The one piece I insisted on bringing with me on the move to LA was also the most ridiculous to maneuver – a bar made from the front of an auto- rickshaw that originally met its demise in India’s desert kingdom of Rajasthan. I’ve moved so many times over the past ten years, from Philadelphia to Mexico City then on to Buenos Aires, Paris, Shanghai, Seattle, and finally Los Angeles, so I’ve only been able to keep my very favorite things. So besides the auto-rickshaw, I had with me only two suitcases and a few other pieces small enough to fit the average cardboard box when sand and sun called me here.
With antique, vintage, and refinished pieces, creating the right backdrop is essential to tie everything together. For example, the apartment’s ‘80s-era office canola oil beige walls were not doing it for me, so I began the long and unglamorous re-painting process, running a roller of pure white on every plane to maximize the light and make the artwork pop. I also added two accent walls, one in Baby Seal Black by Benjamin Moore, the other a custom nautical blue for a calming pacific vibe in the bedroom.

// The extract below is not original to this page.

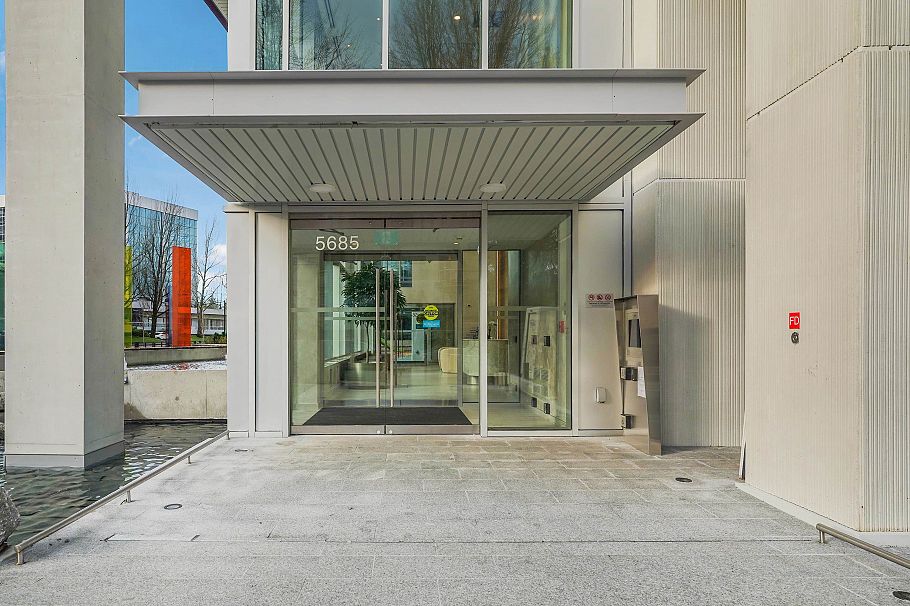 2406 5685 Halley Avenue Burnaby, BC - 24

Getting the rest right took an entire year. I’ve realized that in the same way writers have to have drafts before the final, so do designers. Only they get to use the delete key. We have to spackle, touch-up, or return. I’m very picky with furniture (as it is my literal job), and ended up refinishing four dressers that I bought second-hand, including an old castaway from the Pebble Beach Ritz-Carlton.
Due to tiny apartment syndrome, I’d had to keep some of my favorite pieces stored away until I moved to LA but they finally got to see the light of my living room window. I gave a signed Dr. Seuss lithograph front row in the bedroom. Original paintings from Mexican artist and close friend Liliana Ang demanded the length of the hallway as well as the bedroom gallery wall. After this project’s literal blood (splinters, splinters, splinters), sweat (I don’t recommend moving a sofa on your own), and tears (crying in the Taco Bell parking lot after three 20-hour work days in a row), I also gave myself as a housewarming present a Kaws “Companion” statue. He now lives happily on a plinth in my living room.

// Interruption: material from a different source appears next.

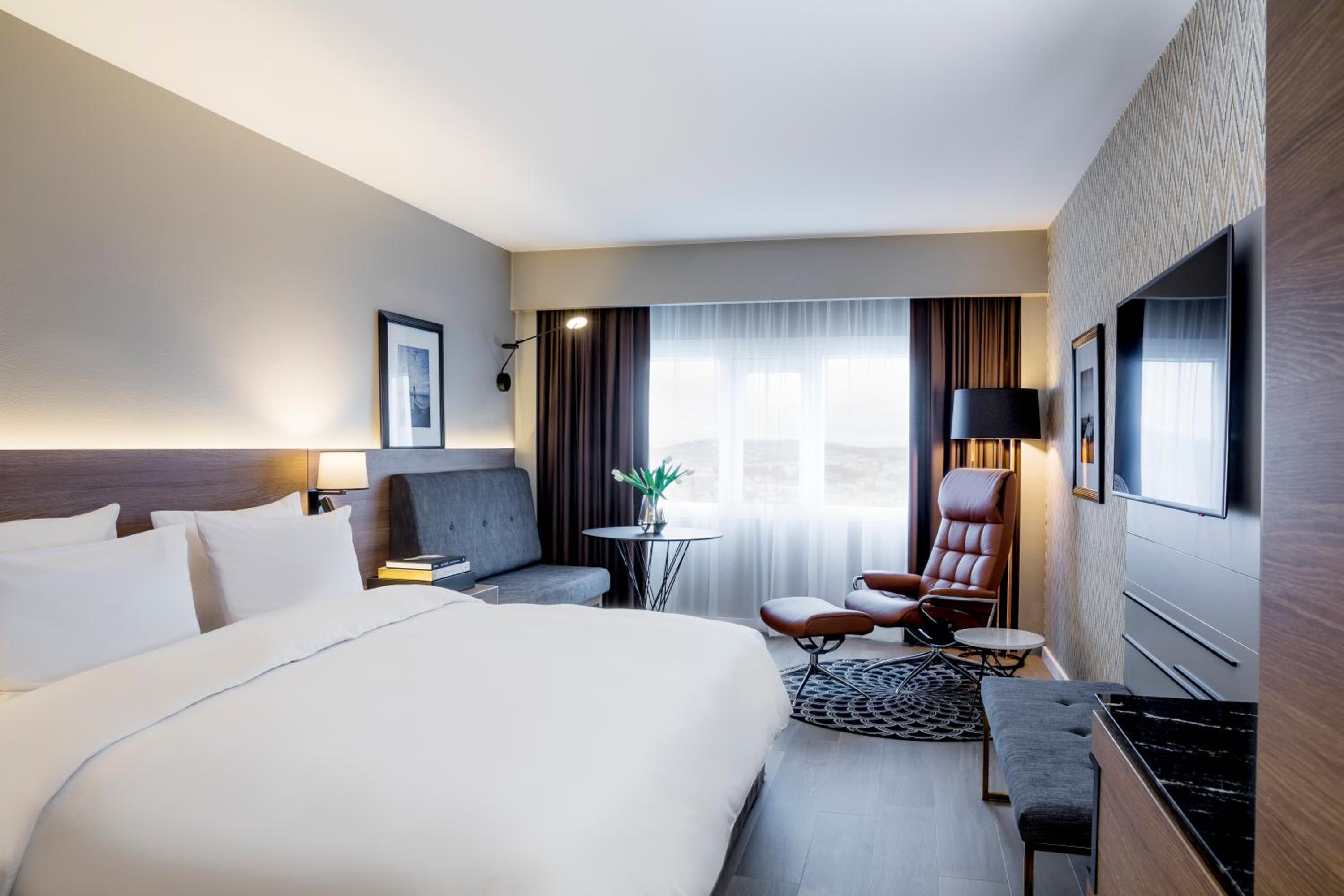 Premium Room with Panoramic City View - Photo 7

When renting apartments, we have no choice but to wholeheartedly embrace imperfection, work within limits, and learn to coexist with the questionable design decisions made by builders, lest we want to kiss our security deposit goodbye with each move. As the incomparable Judge Judy says, “Don’t try to teach a pig to sing. It doesn’t work, and it annoys the pig.”

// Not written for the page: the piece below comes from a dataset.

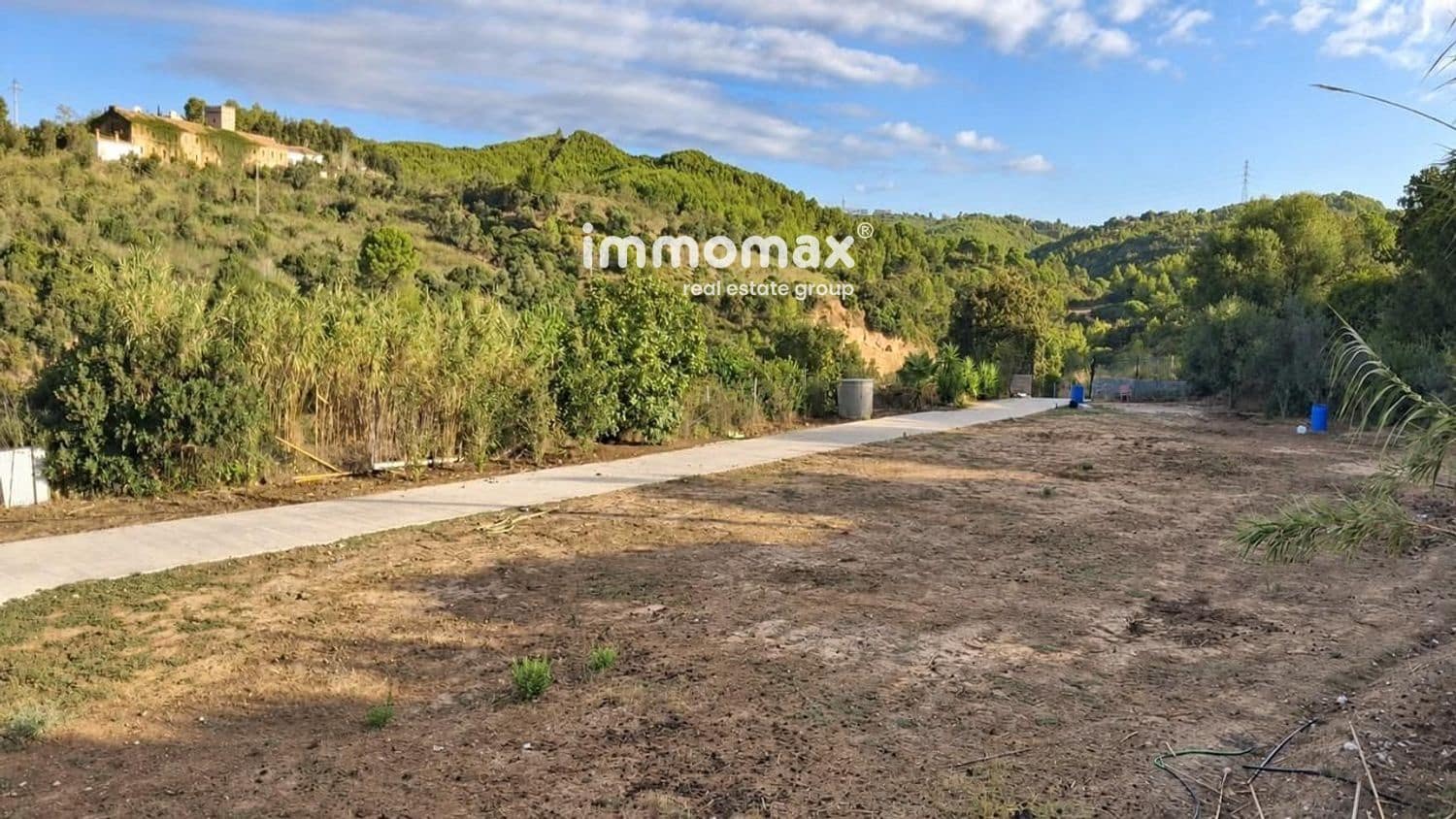 4 bedroom Villa for sale in Castellbisbal with garage - € 265,500 (Ref: 10158337)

I realized that when designing in a rental apartment, there are going to be things that I can’t change. It’s useless to waste time agonizing over them, so I just put on my big boy pants and work around them. In my apartment, the pendant light that was already installed in the dining area without any regard to centering kept me wondering if it was the installer who was drunk or me. I had to resist the urge to get out the sledgehammer. But, like always, I ultimately learned to live with it. When it’s your own home, eventually you forget it’s there, especially if you design a beautiful room around it. And as long as you keep your guests’ drinks topped up, they will eventually cease to notice it, too.
As I do with my Ink & Opium design brand, I aimed to create a meaningful space that feels like an extension of a life well-lived and well-traveled. My clients come to me looking for something truly unique that expresses where they came from and where they’re going. It isn’t enough to create pretty rooms with sensible furniture – you have to infuse a deeper message into both the overall design concept and minute details to design a home that is going to be the place that puts a smile on someone’s face at the end of a long day. I use my own home as my laboratory, to test all of my ideas, and I’m happy with how beautifully this particular experiment has turned out.